Mayor Michael Taylor

Michael Lombardini (who uses the pen name Malcom McEasy) has criticized the Smith slate routinely on his Sterling Heights Local Politics page on Facebook. He defended the mayor after Taylor issued nuanced, if not garbled, comments about the proposed mosque.

“What he did was to give a 60-second answer in a 20-second world,” McEasy told Deadline Detroit.  “Both sides were pissed because he wouldn’t take an absolute side with one set of residents against another set of residents.”

Geoff Gariepy, though a staunch conservative with libertarian leanings, has nonetheless written on his blog, Sterling Heights Politiblog, that Smith and his campaign team have taken a pseudo-conservative approach to a variety of issues – local, or not.

Gariepy denounced the “disgusting display of anti-Islamic bigotry” inspired by the Smith slate, charging that they  “took advantage of people's fears.”

Smith, who could not be reached for comment, seems to relish the controversy he generates. While he briefly served on council from 2011-13 before being ousted by the voters, he has long engaged in shocking online comments about his views on American politics and diversity.

In 2010, he fantasized about watching a mosque full of Islamic worshipers being burned alive.

After losing his re-election bid in November 2013, during the holidays, two days after Christmas, he posted a Facebook message advocating the conviction of President Obama on treason charges followed by his “execution.”

‘Kids’ Running Council

In a robo-call ad earlier this month, Smith tried to woo fellow senior citizen voters by calling the 30-something Millennials on the council unreliable "kids," though they have far more education and experience than the political and professional neophytes on the Smith slate.

The phone ads riled the mayor’s wife, Christina Taylor, who responded online:

“He has zero respect for educated Millennials. The ‘three young kids’ he is referring to are a 32-year-old attorney (her husband) with an undergrad in economics . . . not to mention 6 years of experience as an elected official in Sterling Heights; (the next) is in his late 30s and VP of government affairs for Wayne State School of Medicine with a master’s and numerous political endeavors and experience; and the third is also in his late 30s and is a high school economics and government teacher with a master’s degree.”

Overall, the Smith group advocates for smaller government and less taxes.
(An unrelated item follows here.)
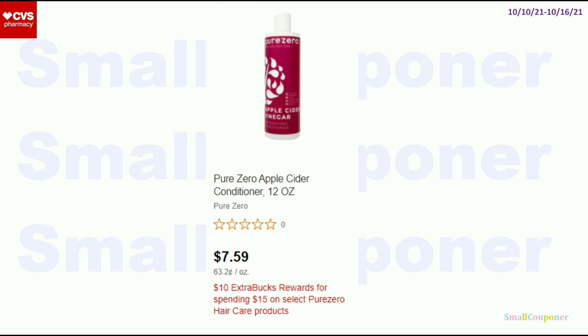The Pure Zero — these are spend $15, get a $10 extra buck, and these are $7.59. If you have a hair care CRT, this could be a pretty good deal, or combine it with another hair care CRT if you have a high threshold CRT, because you're getting $10 back — so that's a lot back.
Their apparent agenda goes after the big and the small: cut the police department in half and oust the police chief, fire chief, city manager and several top department heads; cancel plans for a pedestrian bridge over the Clinton River; eliminate the city’s summertime Farmer’s Market; cut back on Sterlingfest, a popular annual festival; impose a volunteer fire department; and repeal the 2013 voter-approved public safety millage for police and fire protection.

The opposition also seeks to block DTE from installing so-called smart meters at homes in the city, under the theory that these high-tech electric utility meters present hidden public health dangers.
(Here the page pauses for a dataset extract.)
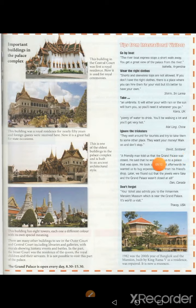A friendly man told us that the Grand Palace was closed and said he would take us to a palace that was open. He took us there, but afterwards he wanted us to buy expensive jewels from his friend's shop. Later we found out that the jewels were fake and the Grand Palace wasn't closed at all. (Dan, Canada.) Don't forget — your ticket also admits you to the Vimenmek Mansion Museum, which is near the Grand Palace. It's worth the visit. (Tracy, USA.) The mansion was built by King Rama V as a residence and repaired in 1982, the 200th year of Bangkok. It is now a museum.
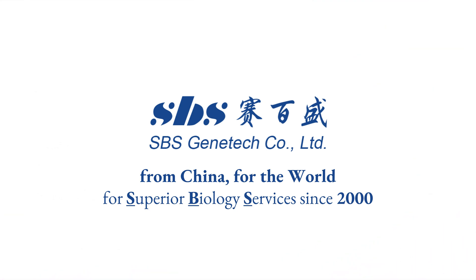From China, for the world. Superior biology services since 2000.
Despite all the hot-button issues inflaming this campaign, Taylor said he is confident of victory, and of the re-election of his six fellow council members.

“Diversity gives our city flavor. I think it’s a huge net-benefit,” the mayor said. “I hope the city can move forward from this. … I think the Smith people represent a very, very small constituency in Sterling Heights.

“And I think the election results will show that."